Depremin ardından bölgedeki barajları incelediklerini aktaran Hasan Tosun, “Bazı barajlarımızda, özellikle toprak dolgu barajlarımızda, barajın en üst seviyesinde oluşan çatlaklar ve kayma zonlarıyla (çok kırıklı bölge) birlikte bazı stabilite (duraylılık) problemlerini tespit ettik. Buna bağlı olarak da alınması gereken önlemler var. Bu önlemlerin başında da işletme önlemleri yer alıyor. İlgili kurum, Devlet Su İşleri Genel Müdürlüğü bu konuyla ilgili gerekli önlemleri dikkate aldı.” diye konuştu.
Kahramanmaraş merkezli depremlerin özgün bir deprem olduğunu ve enerji kaynağı boyunca ciddi hasar meydana getirdiğini aktaran Prof. Dr. Tosun, şöyle konuştu:
“Deprem Pazarcık bölgesinde oldu ve Pazarcık bölgesinden Hatay’a kadar ciddi bölge etkilendi. Yani hasar etkisi buradaki faylar boyunca oluştu ve şehirlerimizde bu hatlar boyunca büyük hasarlar oluştu, yıkımlar meydana geldi. Dolayısıyla şunu ifade etmekte fayda var; burada yer alan barajlarımızın bu etki karşısında önemli bir yakın kaynak enerjisine maruz kaldığını biliyoruz. Bu yakın kaynak etkisi çok önemli. Belki bundan sonra bunları çok tartışacağız, çok daha konuşacağız. Bunu öncelikle ön plana çıkartmak lazım. Bundan sonra yapacağımız tasarımlarda ve bundan sonra yapacağımız değerlendirmelerde bu etkiyi dikkate almak suretiyle problemlerimizi çözme ihtiyacı içerisinde olmamız lazım.”
“Ceyhan Havzası olarak ifade ettiğimiz bölge potansiyel bir etki altında”
Tosun, depremler sonrasında bölgede potansiyel deprem etkisi altında yer alan iki havza, bir bölge ve bir kayma zonu bulunduğuna dair tespit yapıldığını belirterek, şunları kaydetti:
“Bunlardan bir tanesi Hatay bölgesiydi. Hakikaten rapor yayınlandıktan sonra Hatay bölgesinde bir deprem oldu. İkinci depremden sonra Sürgü ve Çardak fayı vasıtasıyla aktarılan enerji güneye intikal etti. Yani dolayısıyla bugün bizim ‘Adana plakası’ olarak ifade ettiğimiz, daha teknik olarak ifade etmeye çalışırsak eğer ‘Ceyhan Havzası’ olarak ifade ettiğimiz bölge potansiyel bir etki altında. Bu ikinci olarak ifade edeceğimiz potansiyel alan. Üçüncü alan için ise daha kuzeylere çıkmamız lazım. Burada üçlü kesişim noktası olarak ifade ettiğimiz bir bölge var; Palu segmenti diyoruz. Palu segmentinin Kuzey Anadolu fayına doğru yaklaştığı bir bölge ki bu bölgede Yedisu segmenti var Kuzey Anadolu fayından gelen. Bu eklem bölgesinde, bu kesişim yerinde bir potansiyel alan oluşuyor.”

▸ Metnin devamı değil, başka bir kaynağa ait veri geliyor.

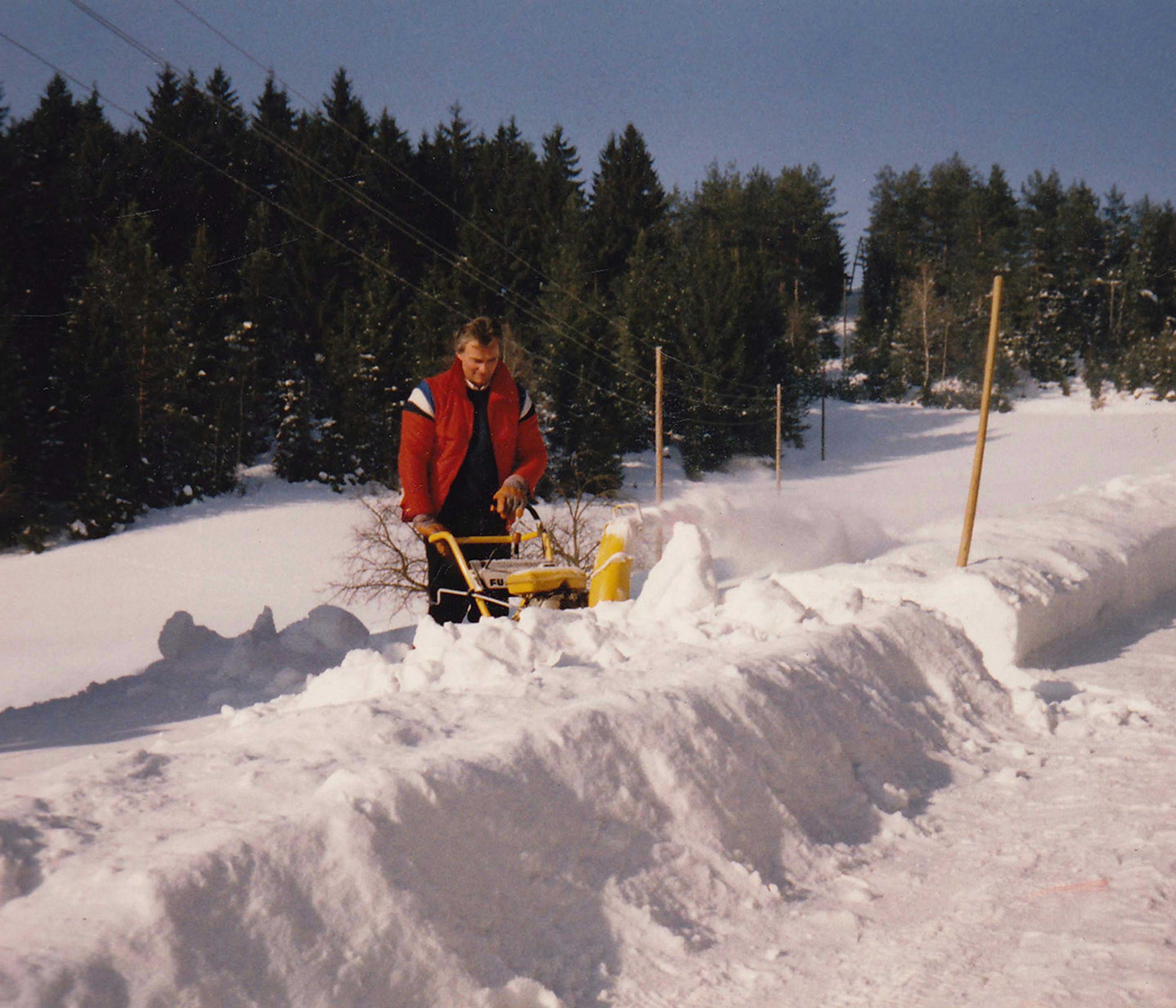 Foto: Geschichte_Hans Attensam Schneeräumen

Özellikle Kığı ve Özlüce barajlarının önem arz ettiğini vurgulayan Prof. Dr. Hasan Tosun, “Bunlarla ilgili gerekli önlemlerin de idaremiz tarafından önemle dikkate alınması gerektiğini altını çizmek isterim. Dördüncü olarak ifade edeceğimiz bölge ise tipik bir kayma zonu. Burada bizim 4 tane barajımız var. Bu Elbistan’dan Çelikhan’a kadar olan bir bölge. Bu enerjisinin bir kısmını boşalttı ama o kadar aktif bir hat ki bu hattın kuzeyinde yer alan Doğanşehir fayı da bunu tetikliyor. Dolayısıyla burası potansiyel deprem bölgesi. Burada 4 tane barajımız var. Bu barajlarımızın da ben potansiyel bir etki altında olduğunu düşünüyorum.” dedi.
Barajların özgün yapılar olduğunu ifade eden Tosun, çok önemli faydaları yanında kamu güvenliği yönünden en riskli yapılar olduğunu, dolayısıyla bu yapıların stabilitesi ve nehir kaskat yapısı içindeki güvenilirliğinin mutlak surette tesis edilmesi gerektiğini sözlerine ekledi.